# WORK REQUIRED
Exactly and only the lines from the first entry through the line with "Okay, so let's" should be copied, both ends included, with no pictures.

[Data records]

────────────────────────────────────────

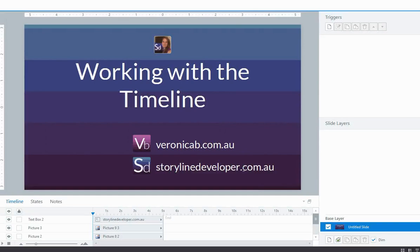Hi everyone, it's Veronica and in this video I'm going to show you a few basic tips on working with a timeline. So if you've just started working with Storyline, the timeline can really help you in your building process.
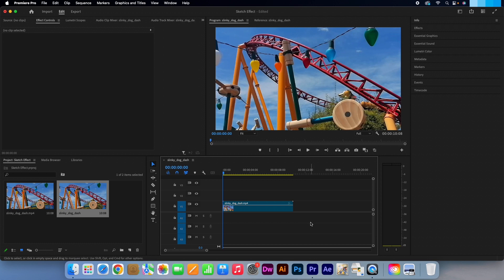Hi, Kevin here from AquastarCreative.com. Today I am going to show you how to create a quick sketch effect in Adobe Premiere Pro.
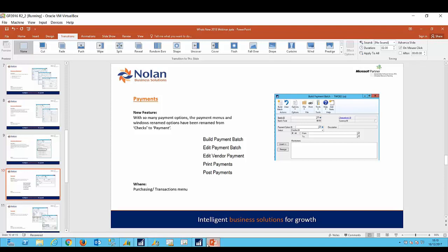Okay, so let's move on to the next category which is payments. In GP 2018 there have been some very useful enhancements to the functionality around payments and payment runs. Now the first change is mainly a cosmetic one and that is that the payment menu options have been changed from checks to payments. The reason for this of course is that payments do not necessarily need to be done by check, they could also be done by credit cards, bank transfer, electronic file transfer, etc. So in light of this, this new generic naming convention makes perfect sense.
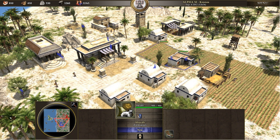Isometric video game graphics are graphics employed in video games and pixel art where the viewpoint is angled to reveal facets of the environment that would not be visible from a top-down perspective or side view, thereby producing a three-dimensional effect. Despite the name, isometric computer graphics are not necessarily truly isometric — the x, y, and z axes are not necessarily oriented 120 degrees to each other. Instead, a variety of angles are used; some form of parallel projection, such as dimetric projection with a 2 to 1 pixel ratio, is the most common.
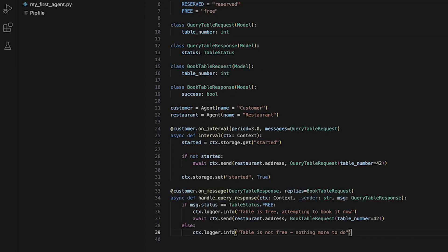This defines a message handler for the customer agent that handles incoming QueryTableResponse messages from the restaurant agent. If the response indicates that the table is free, it sends a BookTableRequest message to the restaurant agent to attempt to book the table with the specified number, in this case 42. If the response indicates that the table is not free, it logs a message indicating that there is nothing more to do.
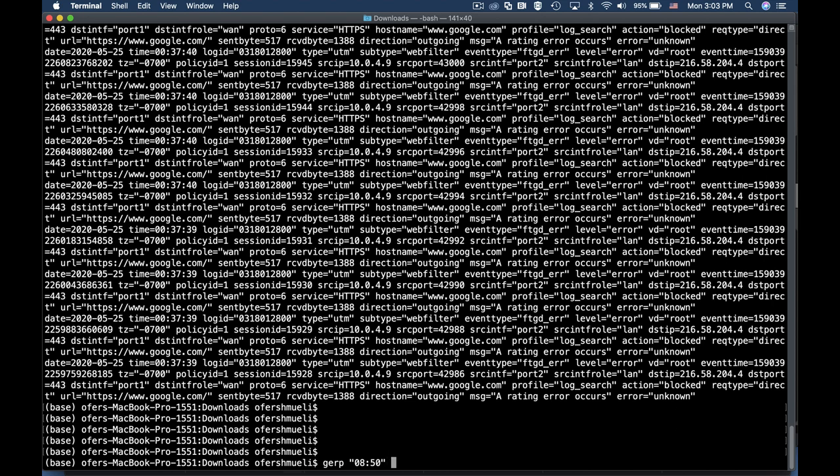Now we'll pipe it into another grep command. Let's just mention the file which is disk.log. Now let's pipe it using another grep command.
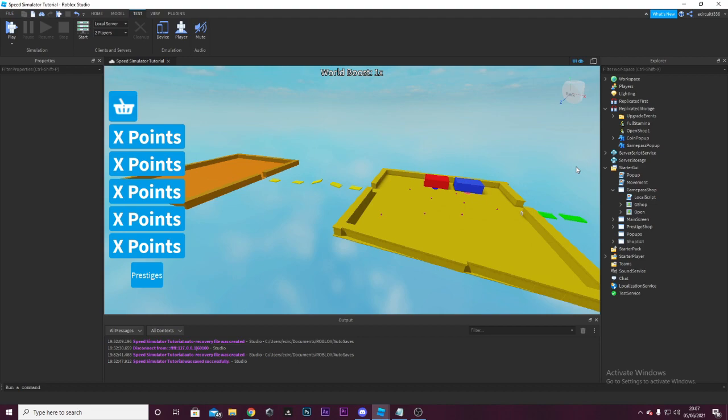So, this episode we're going to be making Developer Products. Let's go.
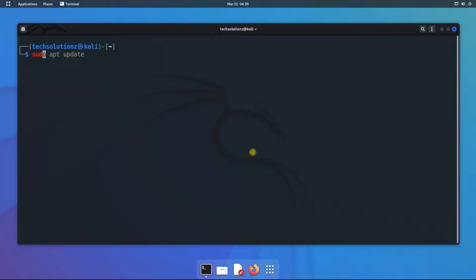Install apt-transport-https and curl on your Kali using simple apt install command. These are mandatory.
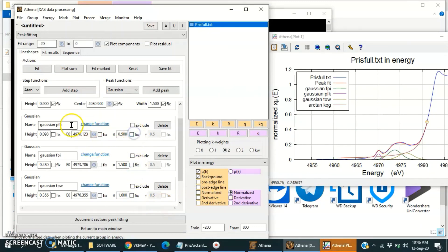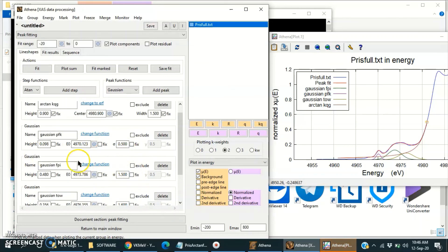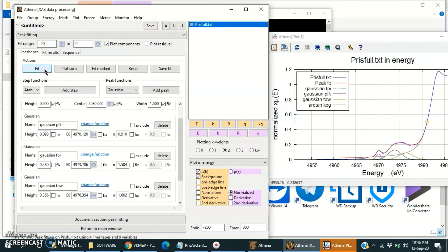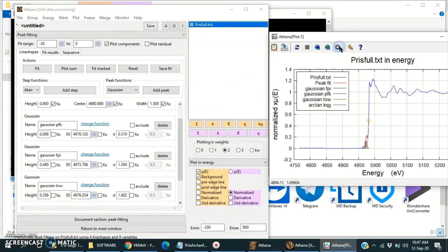Now unfix them — all are unfixed. The fitted parameters will have an error as well. If we fix them then we will not get any kind of error. I think the fit is quite acceptable.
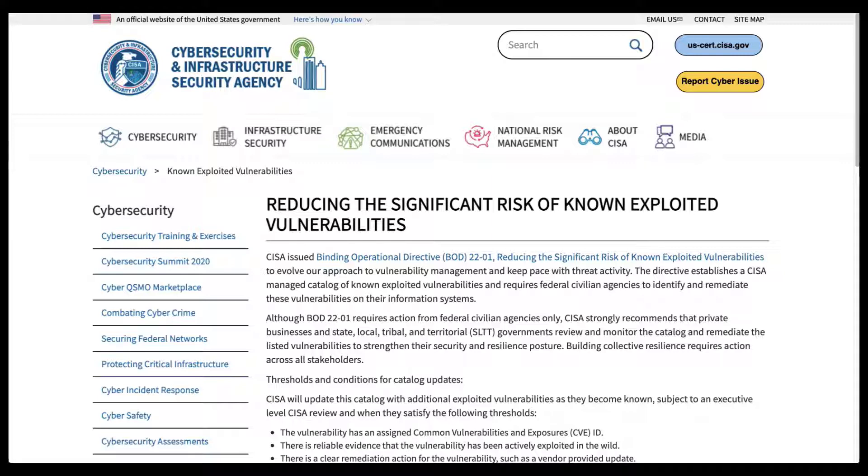This requires government agencies to address a catalog of vulnerabilities that carry significant risk to federal information systems. With this new catalog, CISA is targeting vulnerabilities for mitigation that have known exploits and are currently being used by malicious adversaries in an ongoing manner.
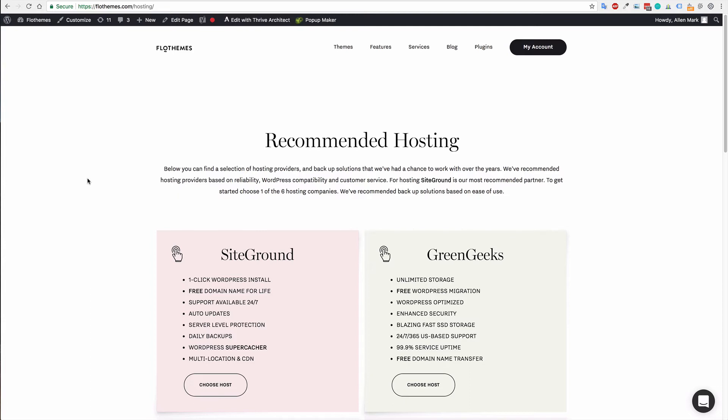So again, there are lots of things to check out for, but to keep it simple I do recommend looking at our six recommended hosting providers or reaching out into the community and asking what others have had good experiences with. But if you were to choose a hosting from us, it would be SiteGround.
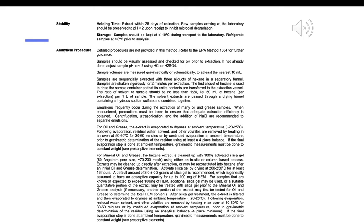The solvent extracts are passed through a drying funnel containing anhydrous sodium sulfate and combined. Emulsions frequently occur during the extraction of oil and grease samples. When encountered, precautions must be taken to ensure adequate extraction efficiency. Centrifugation, ultrasonication, and the addition of NaCl are recommended to separate emulsions.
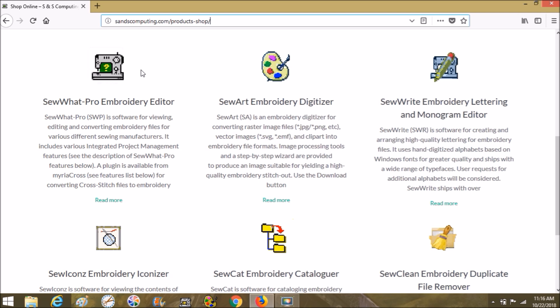Right down here it shows you everything that they offer. They have Sew What Pro embroidery editor, which is the most popular. Sew What Pro is an editor for embroidery files — whenever you get an embroidery machine it already has a bunch of designs on it, each of those designs is a file. My favorite thing about Sew What Pro is being able to merge things; that's what I use it for the most. You can also view your embroidery files with Sew What Pro, which is really valuable.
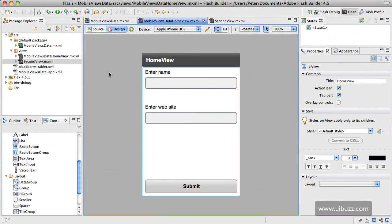In the last video we took a look at loading different views into a Flex mobile application, and what we're going to do in this video is show you how to transfer some data between those views.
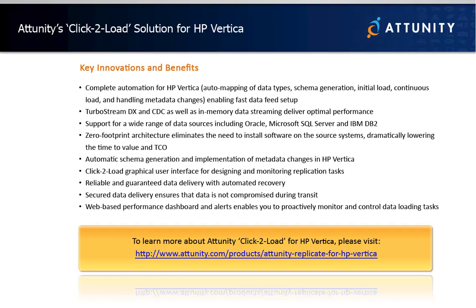So whether you need to perform a one-time migration to HP Vertica or enable continuous real-time loading for big data analytics and reporting, the Attunity click-to-load solution for HP Vertica provides an accelerated, easy-to-use and fully managed solution. So get empowered, stop waiting on loads of developing and start loading lots of data automatically.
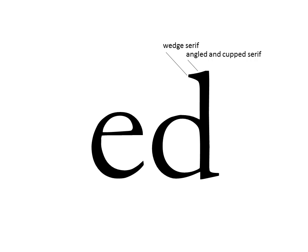The serifs are also angled down into the font or up into the font, depending on where the serif is located. There's usually some cupping that kind of augments that wedge look, but all three of those would be important characteristics for a serif type.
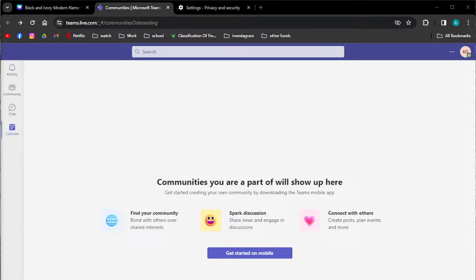Welcome back to the channel and thank you so much for clicking into this video. In this video I am going to teach you how to add an attachment to an MS Teams meeting invite. Make sure that you stay until the very end of this video so you don't miss any important step or information.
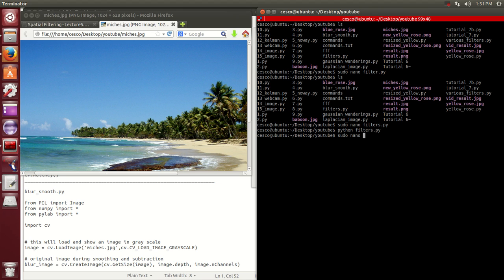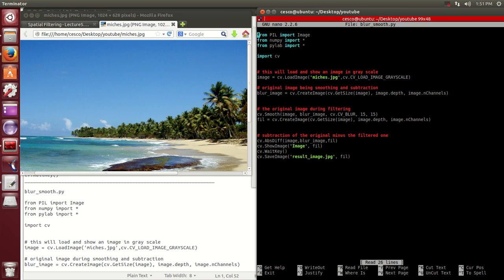Now let's open nano blur_smooth.py. This one works a little bit differently — it applies a different principle. It's going to blur the image and then subtract, and it's going to show the result.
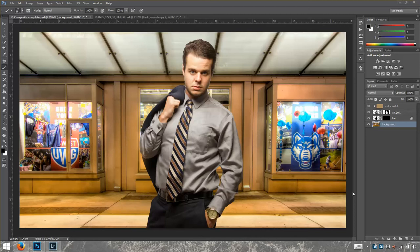This is part 3 of our composite series and actually the last video of this series. What we're going to do right now is the final adjustments, and I'm going to start by adding sharpening to this image.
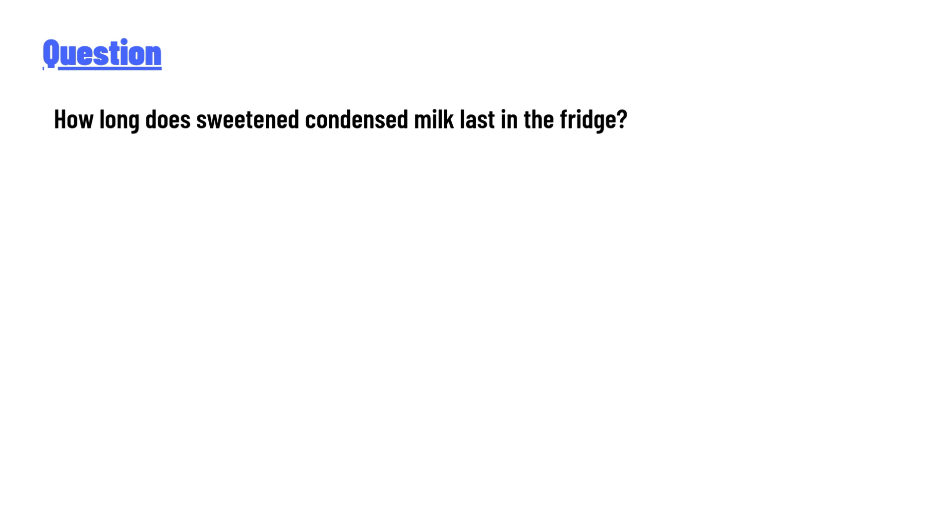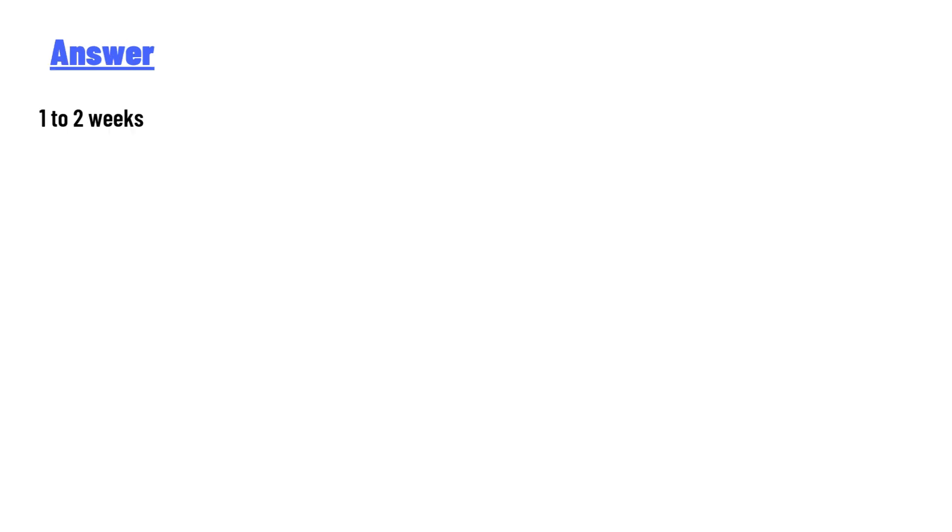The answer to the question is one to two weeks. So that's the correct answer to the question.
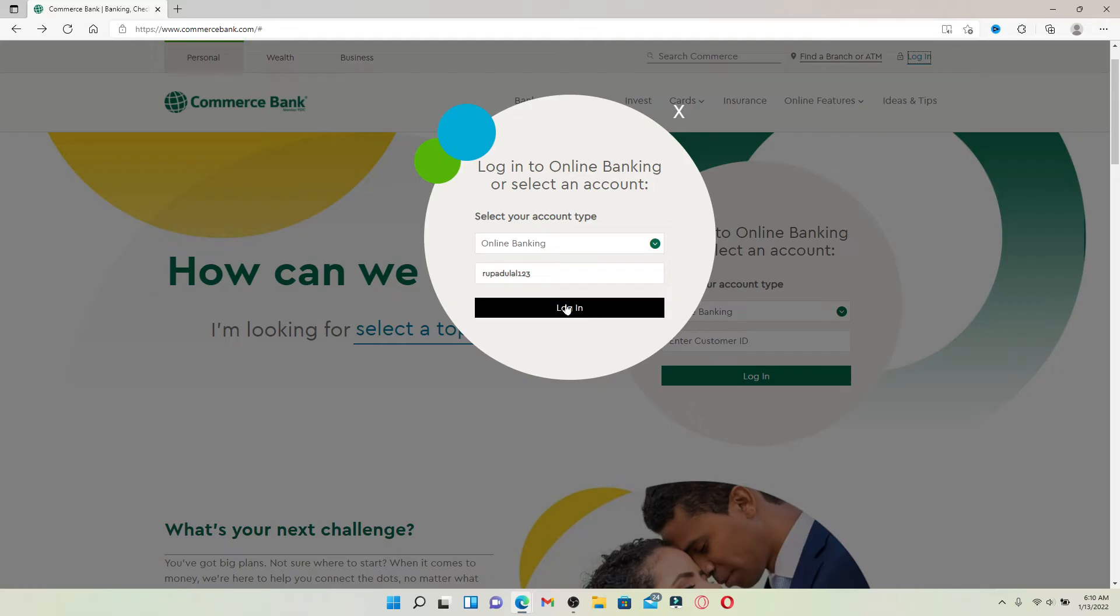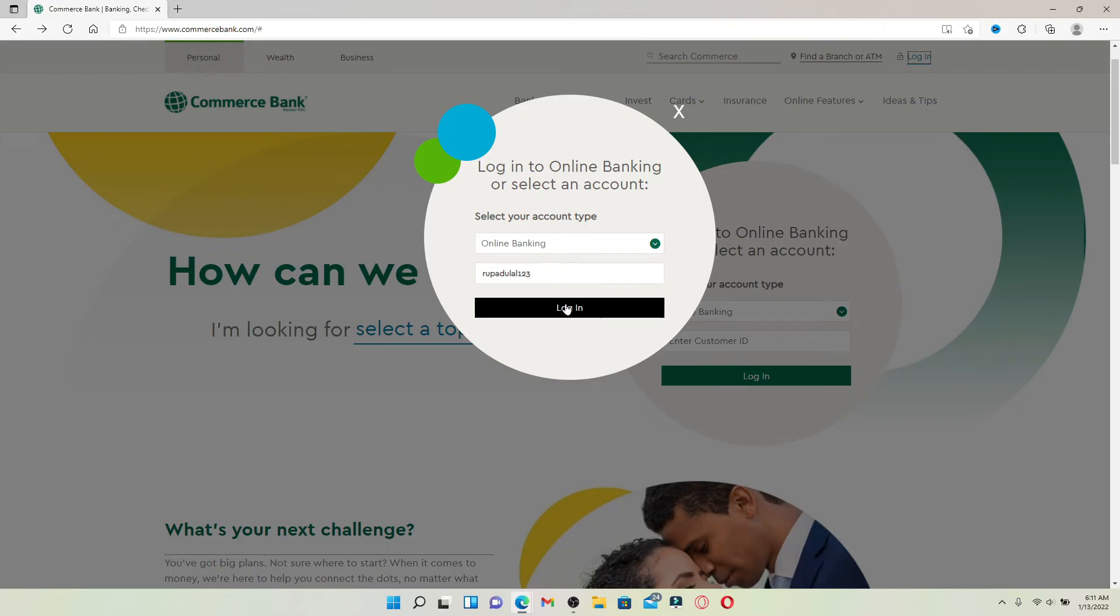Soon after you click log in, your user ID will be verified and you'll be taken to a next page where you'll be able to enter your password. Make sure to enter your password correctly while logging into your account. After you are done with it, click the login button on the next page and that is how you should be able to get access to your Commerce Bank account.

────────────────────────────────────────

# EXERCISE OUTPUT
Hi everyone, it's Veronica and in this video I'm going to show you a few basic tips on working with a timeline. So if you've just started working with Storyline, the timeline can really help you in your building process.
Hi, Kevin here from AquastarCreative.com. Today I am going to show you how to create a quick sketch effect in Adobe Premiere Pro.
Okay, so let's move on to the next category which is payments. In GP 2018 there have been some very useful enhancements to the functionality around payments and payment runs. Now the first change is mainly a cosmetic one and that is that the payment menu options have been changed from checks to payments. The reason for this of course is that payments do not necessarily need to be done by check, they could also be done by credit cards, bank transfer, electronic file transfer, etc. So in light of this, this new generic naming convention makes perfect sense.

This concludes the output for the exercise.